Work required
The copy you give must match the lines from the top of the data through the line containing "Retro tag with" exactly, and it must hold no pictures.

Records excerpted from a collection
########

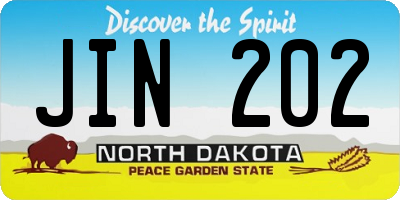 ND license plate JIN202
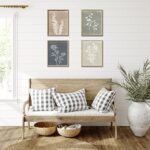 Set of 4 Framed Boho Wall Art - Minimalist Botanical Prints for Rustic Farmhouse Decor (Brown, 12x16) - Image 8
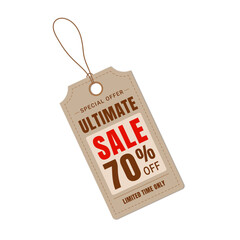 Retro tag with the inscription sale, cardboard tag, vector illustration 5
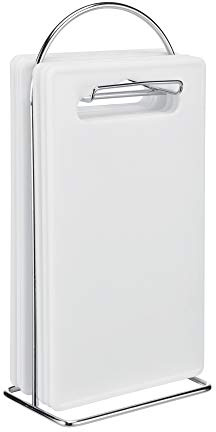 Gravidus 7-teiliges Frühstücksbretter-Set aus Kunststoff mit Chromständer, hygienisch & geschmacksneutral, spülmaschinengeeignet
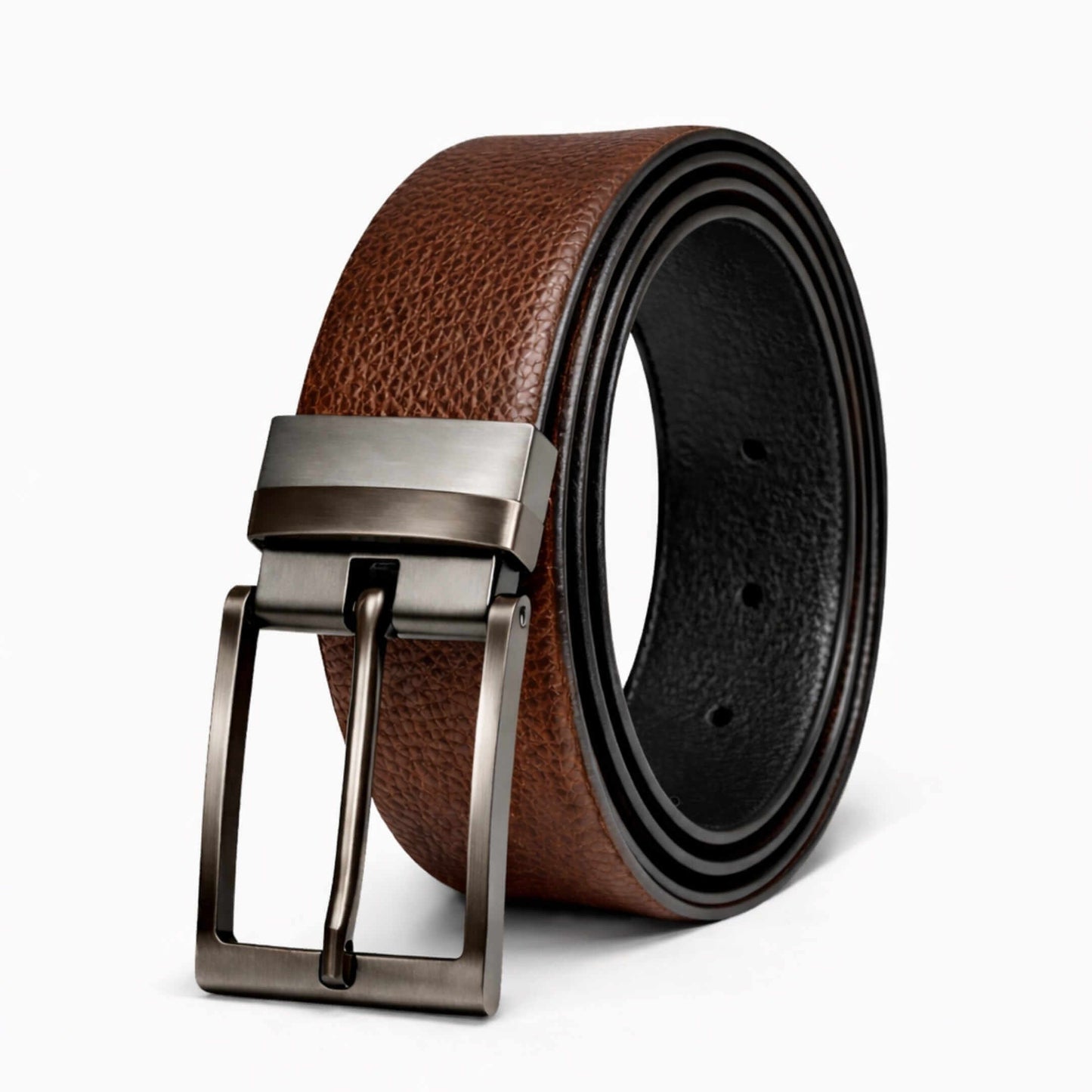 Mens Genuine Leather Belt | 2 in 1 Reversible (Brown & Black) (1 Pc.) - DURON - THE MEN THING
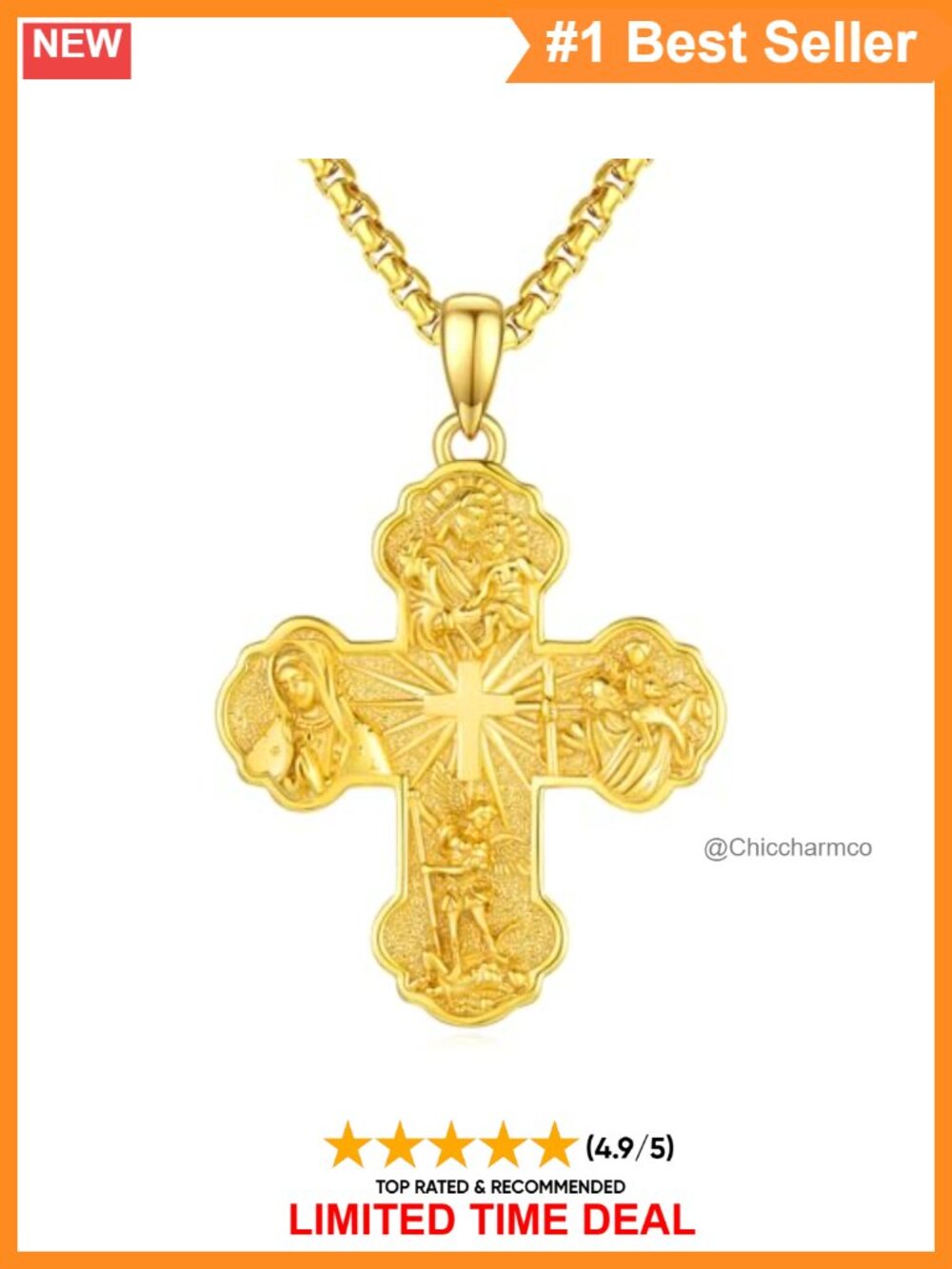 925 Sterling Silver Four-Way Catholic Cross Necklace St Michael Pendant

########

Response area
 ND license plate JIN202
 Set of 4 Framed Boho Wall Art - Minimalist Botanical Prints for Rustic Farmhouse Decor (Brown, 12x16) - Image 8
 Retro tag with the inscription sale, cardboard tag, vector illustration 5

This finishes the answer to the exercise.